*What the task requires:* Please reproduce the listing verbatim, without its images.
Data below below:
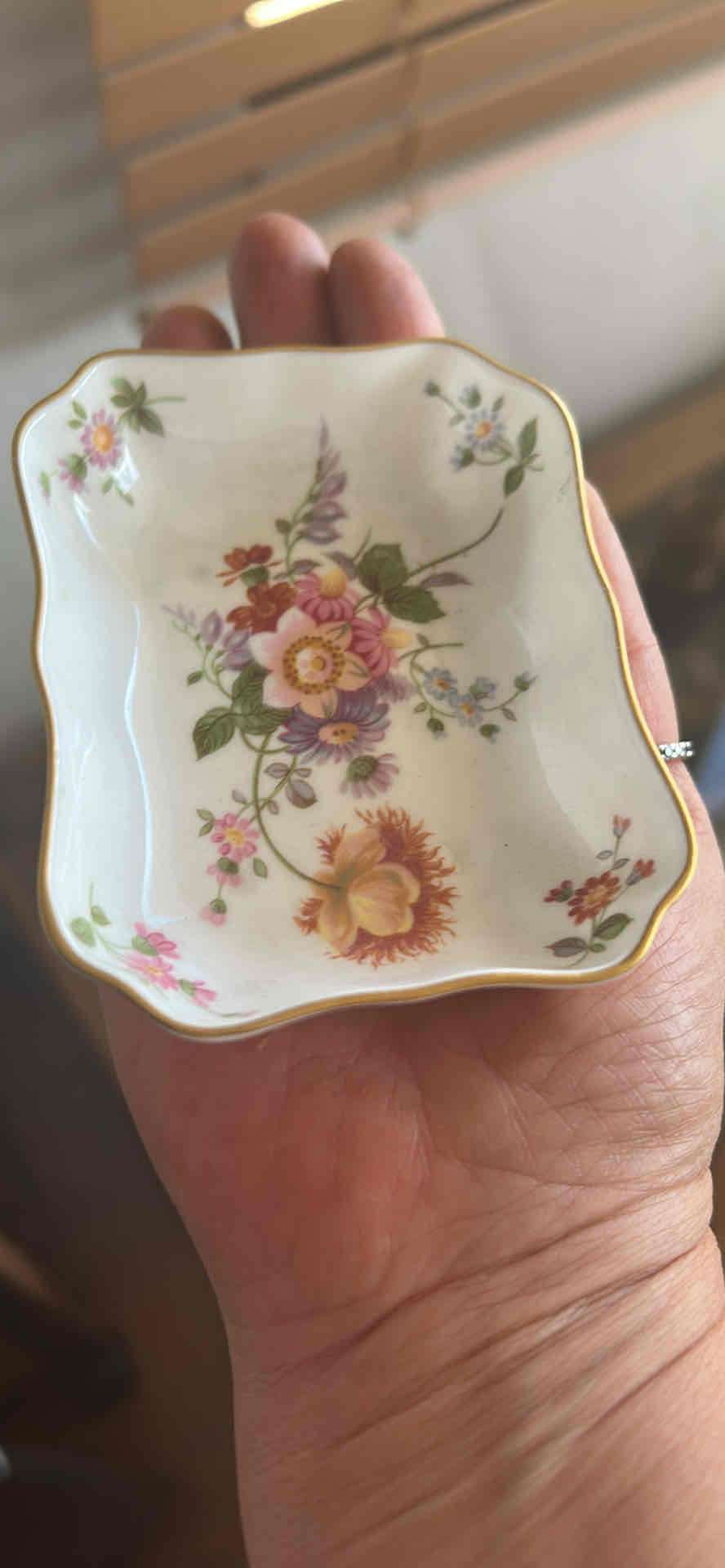 Piezas decorativas inglesas - miniatura 4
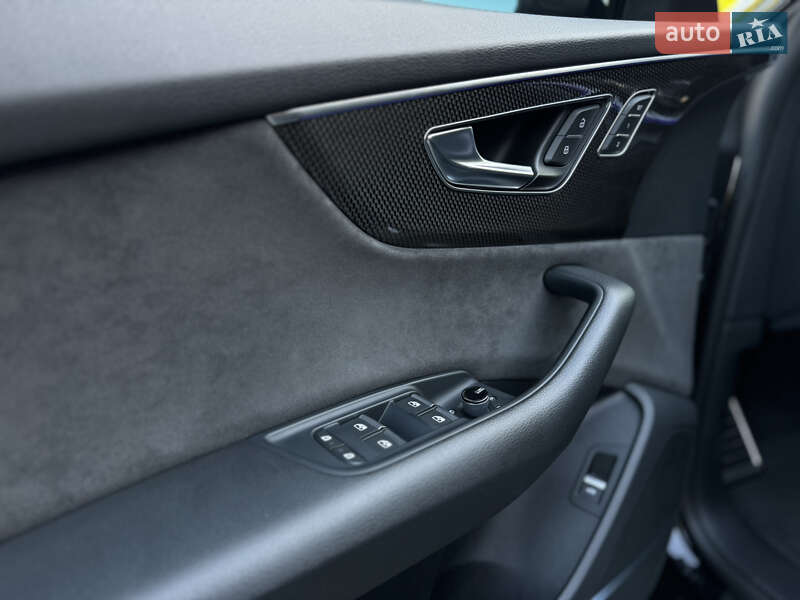 Позашляховик / Кросовер Audi SQ8 2020 в Вінниці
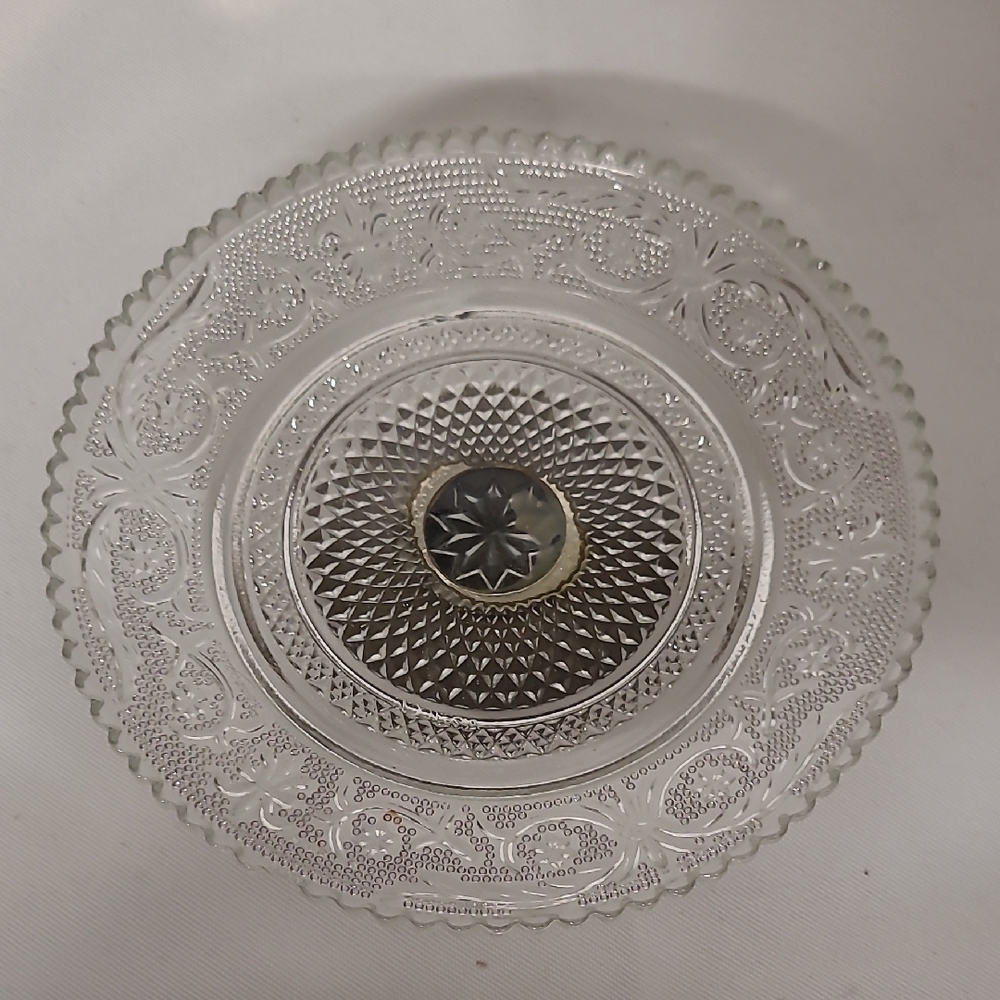 Vintage Elegant Clear Glass Decorative Footed Plate (103)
End of Data below.
*Problem solution:*
 Piezas decorativas inglesas - miniatura 4
 Позашляховик / Кросовер Audi SQ8 2020 в Вінниці
 Vintage Elegant Clear Glass Decorative Footed Plate (103)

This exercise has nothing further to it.